Agreements:
Johnston v. Johnston, 391 So.3d 538 (Fla. 2nd DCA 2024). Prenuptial agreement limited marital estate to property obtained during the marriage that is clearly traceable to income earned during the marriage or expressly provided for by agreement. Agreement also provided that all property jointly titled at time of marriage shall be marital unless law required wife to be on title, then parties would execute agreement to establish intent. Husband sought a $187k carve-out from a jointly-titled property, which represented non-marital monies husband contributed to acquisition. The property was in joint names and the parties did not execute a document establishing their intent. The Appellate court declined husband’s invitation to apply the “ejusdem generis” rule of construction. Judge Alissa Ellison affirmed for declaring entire property to be marital.

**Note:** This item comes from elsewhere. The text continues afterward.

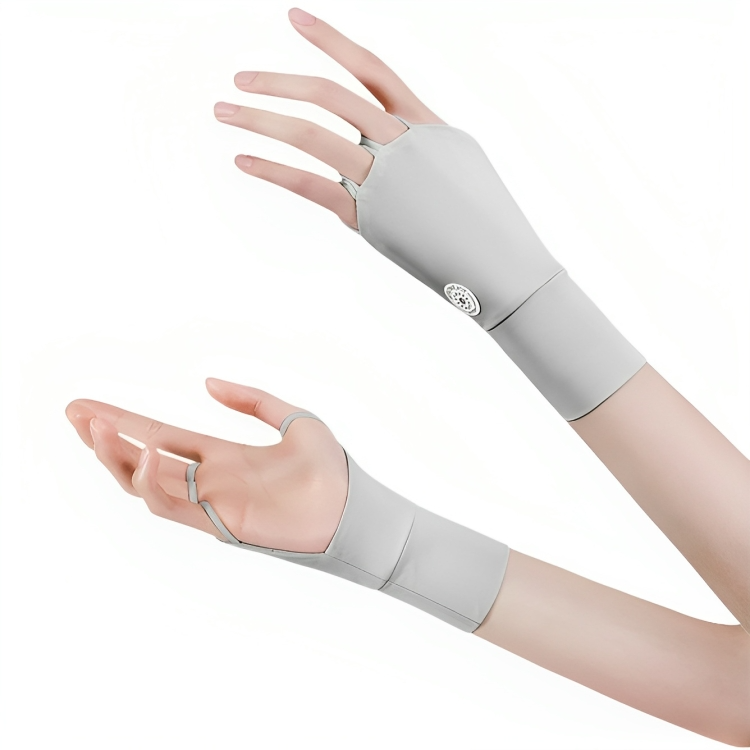 高爾夫防曬手套冰感防紫外線夏季戶外半指冰絲手套女士加長護手腕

Hurley v. Veon, 390 So.3d 733 (Fla. 5th DCA 2024). Former husband transferred company ownership to son prior to divorce. Marital settlement agreement provided parties will divide any post-judgment monies incident to husband’s “ownership” in company. Former husband had falling out with son and sued company, and was awarded sums for past work, monies for use of software former husband created, and attorneys’ fees pursuant to a prevailing party provision. In this matter, Court had to determine if former husband has an equitable ownership in the company since the divorce. Florida has no clear standard whether someone is an equitable or beneficial owner of assets nominally owned by another. Equitable ownership is a fact-specific inquiry. Factors to consider: 1) control, 2) family relationships, and 3) receipt of benefits. Trial abused its discretion finding the former husband had an equitable interest under these particular facts. Judge Susan Stacy affirmed in part, reversed in part.
Attorneys’ Fees:
Johnston v. Johnston, 391 So.3d 538 (Fla. 2nd DCA 2024). Husband waived the right to challenge temporary attorney’s fees by waiting until the final judgment was entered to appeal the temporary relief order. Appeal dismissed as untimely. See Fla.R.App.P. 9.030(b)(1)(B) and 9.130(a)(3)(C)(iii)(b). Judge Alissa Ellison affirmed.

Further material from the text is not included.